I've not seen it as an issue before on the forum. I guess it's because the majority of 3D work done by people with the smaller machines fit along an axis and the longer pieces I've seen done are made with the moulding toolpath rather than as a 3D shape.

Or it could be as the smaller machines tend to be owned by hobbyists they just don't care that it takes longer to machine something on an angle even if they are aware of it.
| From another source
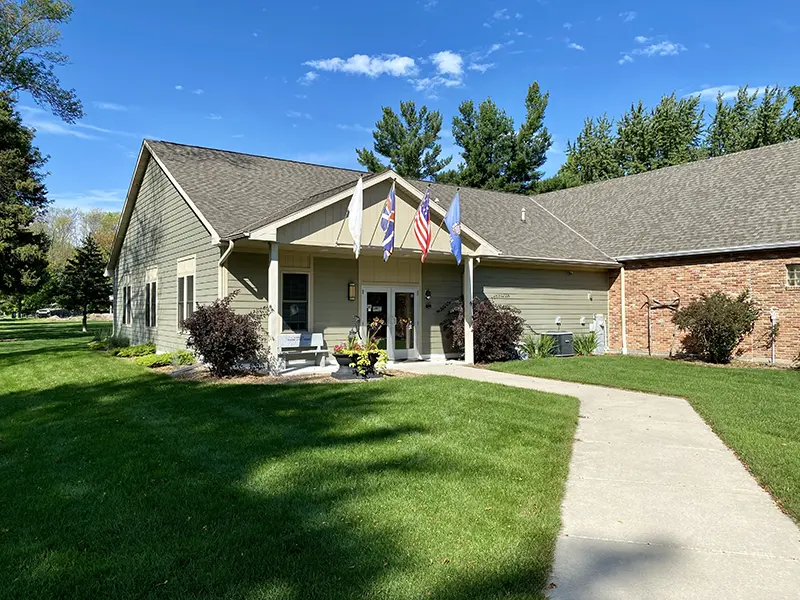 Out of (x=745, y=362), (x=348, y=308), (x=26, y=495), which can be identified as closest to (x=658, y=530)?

Probably best to raise it as a feature request directly with Vectric (support@vectric.com) as this is primarily a user to user support forum.

ich-fräs-das
Posts: 21
Joined: Wed Oct 07, 2020 7:39 am
Model of CNC Machine: BZT PFE1000-PX
Location: South of Hamburg, Germany

Re: Roughing pass taking extremely long time

Post by ich-fräs-das »

Hi,
i found a youtube video of a bass guitar being milled. The neck is also clamped diagonally for reasons of space. I mill my guitars using the same method but not diagonally. The speed at my machine is diagonally neer the same. I have attached my job setup sheet, which applies to my machine, which is more stable. You must find out your settings. The video is also linked.


merry christmas
Eckart
Attachments
5Str Bass Neck_Back Eckart-machining.pdf
(34.3 KiB) Downloaded 44 times

User avatar
jfederer
Vectric Craftsman
Posts: 199
Joined: Tue Nov 27, 2018 1:09 am
Model of CNC Machine: CanCam D23M
Location: Horton Township Ontario Canada
Contact:

Re: Roughing pass taking extremely long time

Post by jfederer »

Eckart, thanks for that video. I'll have to watch it again and take notes.Lots of great approaches and ideas! My CNC isn't a Hammer, but the rest of my equipment is.
Joe Federer

www.fabrikisto.com incl. Tailmaker software
www.federer.ca

User avatar
jfederer
Vectric Craftsman
Posts: 199
Joined: Tue Nov 27, 2018 1:09 am
Model of CNC Machine: CanCam D23M
Location: Horton Township Ontario Canada
Contact:

Re: Roughing pass taking extremely long time

Post by jfederer »

Lots of good ideas in that video. I particularly like how they create jigs and fixtures using the CNC to get an exact match to the part being machined. Clearly precision was a much higher priority than speed. Ich denke, wir werden nicht erwähnen, daß sie keine VCarve-Software verwenden!

Danke Eckart!
Joe Federer

www.fabrikisto.com incl. Tailmaker software
www.federer.ca

relayerbob
Posts: 31
Joined: Sat Oct 27, 2018 4:56 am
Model of CNC Machine: Shark HD4

Re: Roughing pass taking extremely long time

Post by relayerbob »

Yes, My process is very similar, and my final results are fine, that's not the issue. The very good video shows almost exactly what I want to be able to do with roughing the neck, it roughs it in line with the neck angle (roughly 18:30 to 18:50 in the video). Then they do the finishing pass. Vectric doesn't do that, it insists on roughing either in the x- or y- axis, not at the angle the enck is sitting at, which adds a ton of time. It literally takes longer to rough the neck as to do the rest of the job. My finishing pass takes about 10-15% of the time as the roughing, at most. If someone knows the trick to do that (roughing at an angle), please let me know.